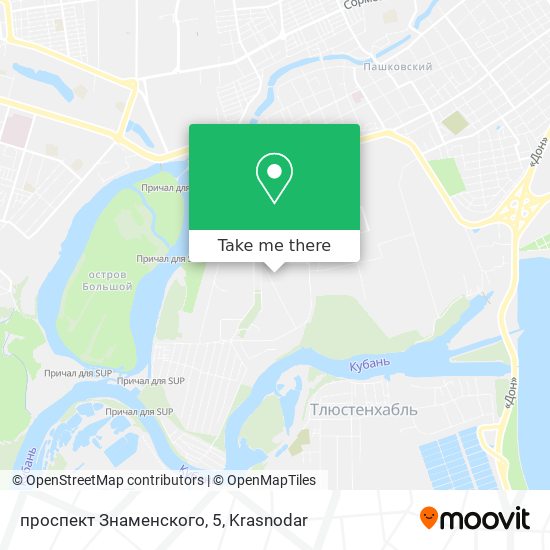 проспект Знаменского, 5 map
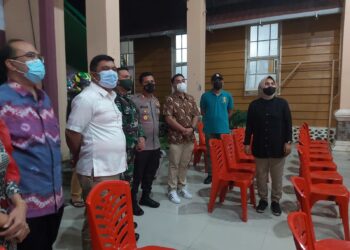 Wali Kota Bersama Forkopimda Keliling Gereja dan Pos Pengamanan Nataru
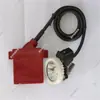Suficientes productos alarma de metano lámpara de minero uso simple KLW5LM(A) alarma de metano de mina lámpara de minero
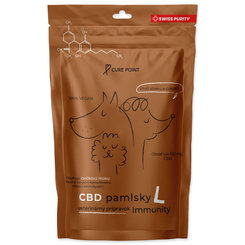 Maškrta pre s CBD Immunity L 100g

= = = = = = =

- Task item
Copy the line showing "Suficientes productos alarma" exactly, along with each line after it through the end of the material above. Pictures stay out.

- Your solution
Suficientes productos alarma de metano lámpara de minero uso simple KLW5LM(A) alarma de metano de mina lámpara de minero
 Maškrta pre s CBD Immunity L 100g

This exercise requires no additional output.